April 19, 2010 Amanda_HP

When a parent dies by suicide, children are left with lots of questions. The stigma associated with suicide commonly causes survivors to hide the truth and suppress their anguish. Suicide often becomes a secret that the surviving parent and other family members don't talk about. And when children don’t have answers to their questions, they tend to come up with their own, which can be incorrect and scary!

Speaking of Scary: Suicide Passed From Parent to Children

Survivors of suicide are often plagued with self-blame and “what-ifs.” And although depression has been found to be the biggest impetus for attempting suicide, there is another powerful and under-reported risk factor for acting on a death wish: having a parent who has committed suicide. Children of parents who die by suicide are 5 times more likely to commit suicide themselves than children who are not exposed to this loss. (Impact of a Parent's Mental Illness on Children)

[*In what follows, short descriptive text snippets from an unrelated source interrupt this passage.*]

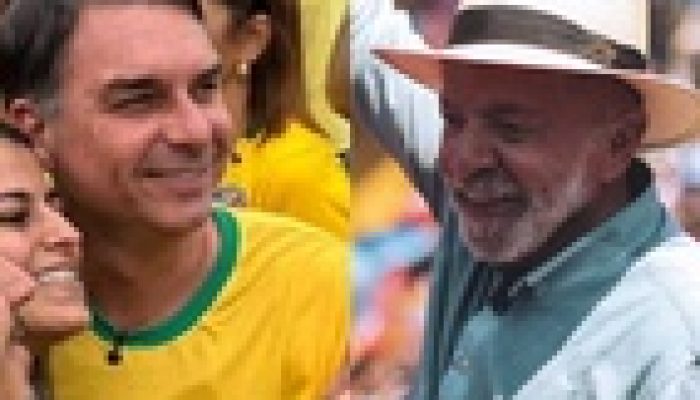 Cenário eleitoral de 2026 aponta disputa acirrada entre Lula e Flávio Bolsonaro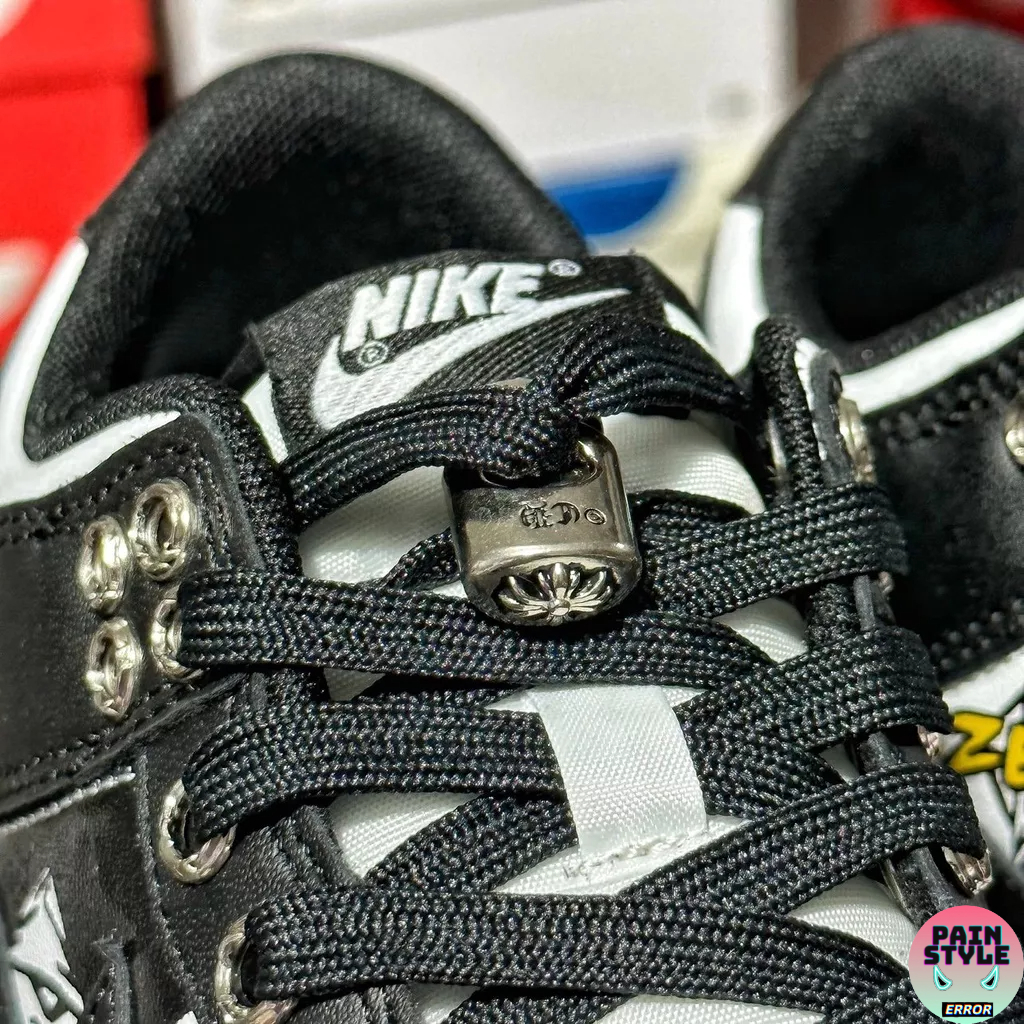 Giày Sb Dunk Low " Chrome Hearts "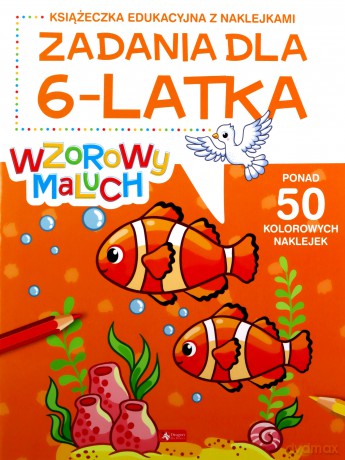 Wzorowy maluch. Zadania dla 6-latka [KSIĄŻKA]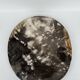 Medium petrified wood dish or pocket emptier, predominantly gray 1137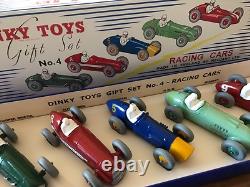 Vintage Dinky Toys MIB Grand Prix Race Car Collection Gift Set No. 4 Vintage Dinky Toys MIB Grand Prix Race Car Collection Gift Set No. 4
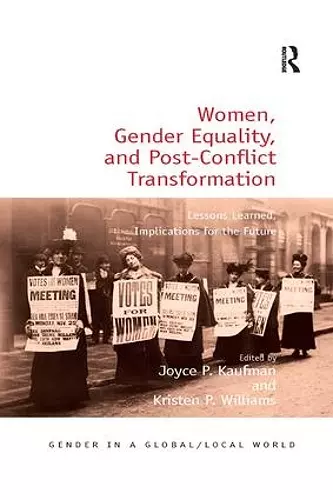 Women, Gender Equality, and Post-Conflict Transformation cover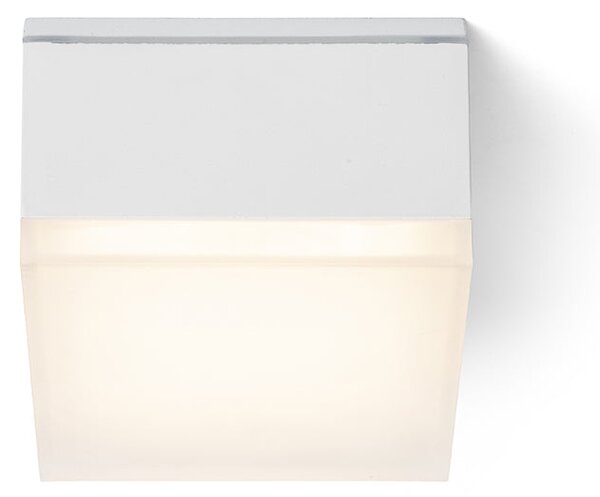 Venkovní stropní LED svítidlo ORIN SQ, bílá/satinovaný akryl, 10 W, teplá bílá 3000 K, IP54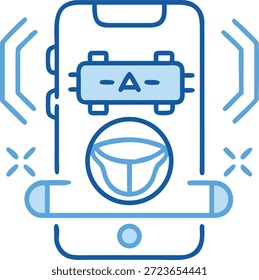 Augmented Reality Icons Set for AR Technology, Virtual Overlay, Smart Devices, Interactive Experience and Future Digital Design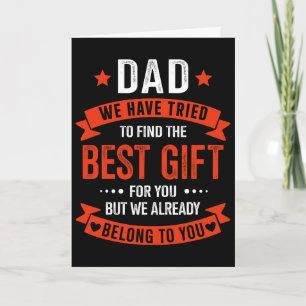 Dad Best Gift From Kids For Fathers Day Christmas  Card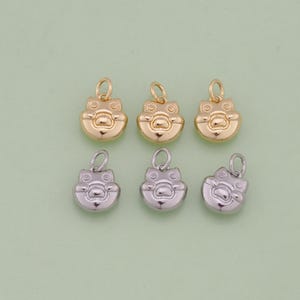 1pcs 18K Gold Filled Cat Paw Pendant Dog Paw Charm for DIY Jewelry Finding Necklace Bracelet AD2048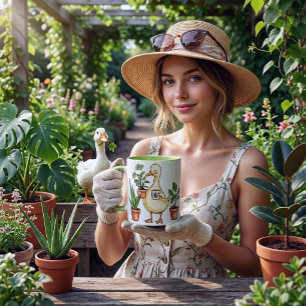 Tasse de jardinage d'oie - Alimenté par les plante
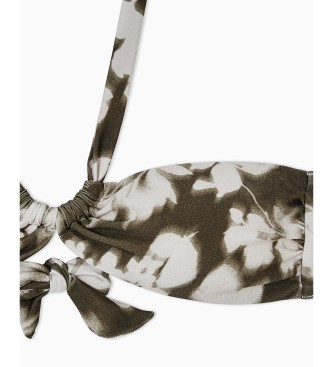 Emporio Armani Bikini Hazy Floral zielone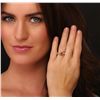 Image 1 : 14KT Yellow Gold 0.95ct Sapphire and Diamond Ring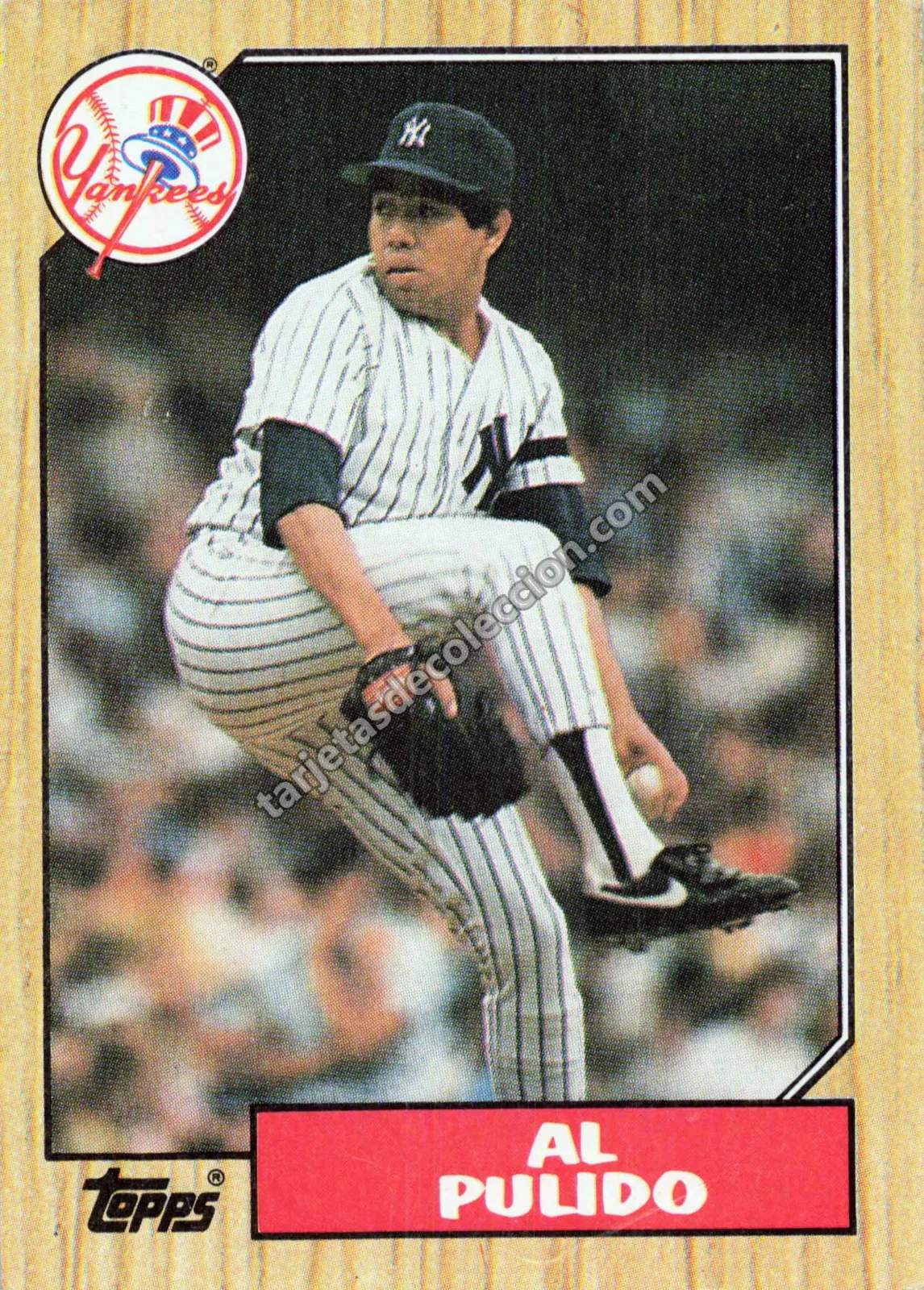 1987 Topps Al Pulido #642 (New York Yankees)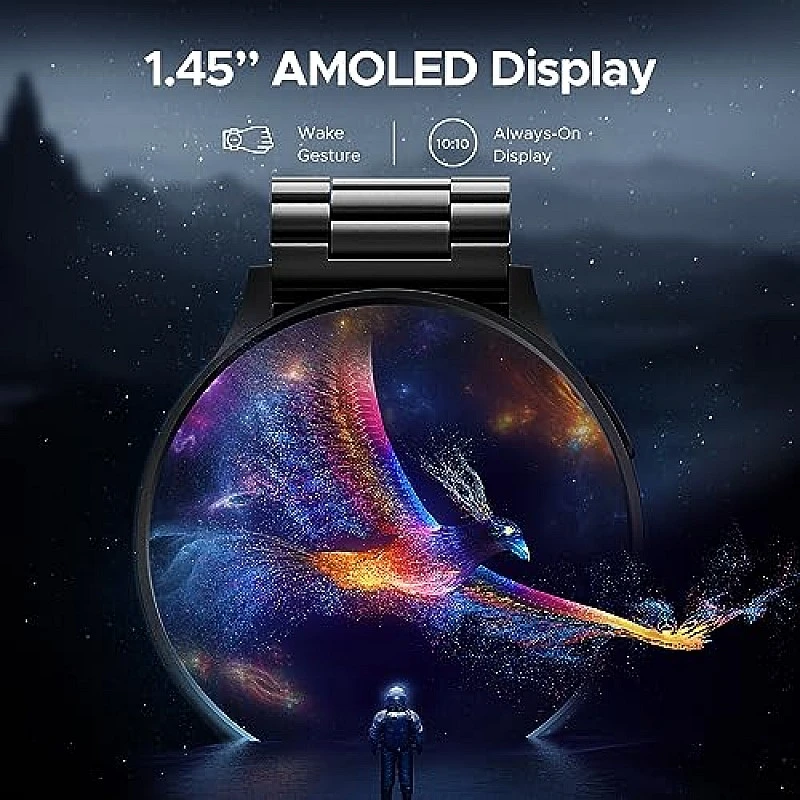 boAt Lunar Orb with 1.45 AMOLED Display, BT Calling, DIY Watch Face Studio Smart Watch for Men And Women Steel Black boAt Lunar Orb with 1.45 AMOLED Display, BT Calling, DIY Watch Face Studio Smart Watch for Men And Women Steel Black
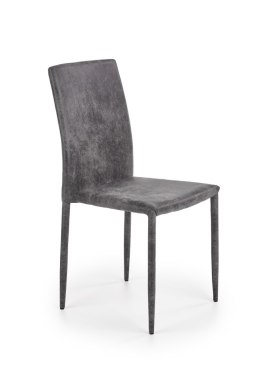 Halmar K375 krzesło ciemny popielaty ekoskóra/metal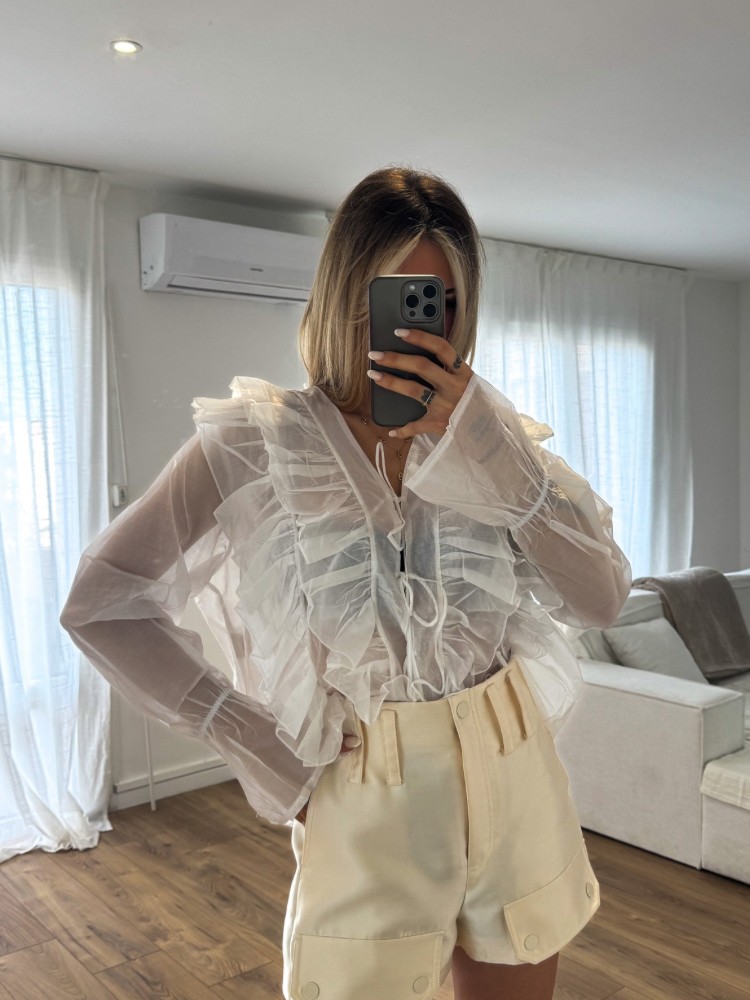 Blouse avec noeuds - French Retailers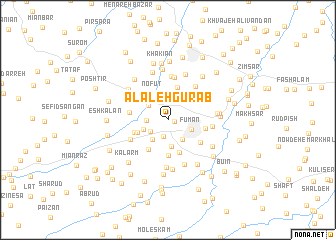 map of Ālāleh Gūrāb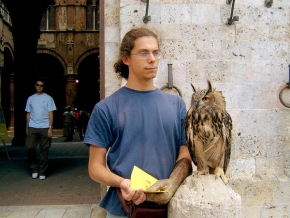 Josef STÁTNÍK - Ptáčník před věží v Sieně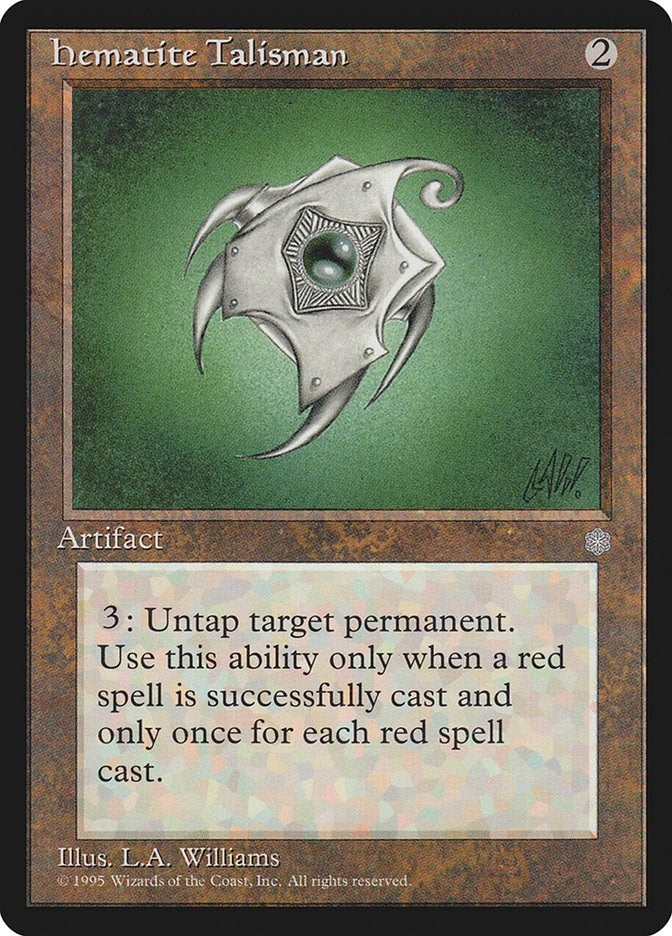 Image for Hematite Talisman (Ice Age) - Magic: The Gathering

A Child Survives Her Mother's Suicide

On this week's HealthyPlace Mental Health TV Show, Dr. Rappaport discusses her own journey, what it was like being a four year old child when her mother committed suicide by drug overdose and how that impacted her as an adult. Plus, if the need arises, she explains how to talk to your child or children about suicide. Of course, each parent and child’s first conversations about death and suicide will be different, but her guidance on the subject is a good starting point.

Watch the interview with Dr. Rappapart, called How to Talk to Children About Suicide.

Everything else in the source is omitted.